** Task inputs follows **
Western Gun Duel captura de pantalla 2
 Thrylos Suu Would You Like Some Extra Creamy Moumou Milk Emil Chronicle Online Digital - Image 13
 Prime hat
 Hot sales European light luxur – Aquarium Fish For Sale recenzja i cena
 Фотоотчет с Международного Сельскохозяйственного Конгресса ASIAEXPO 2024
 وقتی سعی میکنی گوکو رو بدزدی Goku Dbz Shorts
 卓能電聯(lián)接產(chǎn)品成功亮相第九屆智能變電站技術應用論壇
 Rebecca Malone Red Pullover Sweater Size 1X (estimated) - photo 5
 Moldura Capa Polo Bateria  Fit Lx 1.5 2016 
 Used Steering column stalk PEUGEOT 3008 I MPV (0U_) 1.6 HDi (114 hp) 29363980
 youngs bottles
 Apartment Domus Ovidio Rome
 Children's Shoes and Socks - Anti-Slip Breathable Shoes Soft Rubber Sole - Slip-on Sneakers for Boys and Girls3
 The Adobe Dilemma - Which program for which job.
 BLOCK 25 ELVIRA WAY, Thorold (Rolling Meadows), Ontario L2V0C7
** End of Task inputs **
Please restate word for word the lines of the material above, beginning with the one that holds "وقتی سعی میکنی گوکو رو بدزدی Goku Dbz Shorts" and ending with the last.

 وقتی سعی میکنی گوکو رو بدزدی Goku Dbz Shorts
 卓能電聯(lián)接產(chǎn)品成功亮相第九屆智能變電站技術應用論壇
 Rebecca Malone Red Pullover Sweater Size 1X (estimated) - photo 5
 Moldura Capa Polo Bateria  Fit Lx 1.5 2016 
 Used Steering column stalk PEUGEOT 3008 I MPV (0U_) 1.6 HDi (114 hp) 29363980
 youngs bottles
 Apartment Domus Ovidio Rome
 Children's Shoes and Socks - Anti-Slip Breathable Shoes Soft Rubber Sole - Slip-on Sneakers for Boys and Girls3
 The Adobe Dilemma - Which program for which job.
 BLOCK 25 ELVIRA WAY, Thorold (Rolling Meadows), Ontario L2V0C7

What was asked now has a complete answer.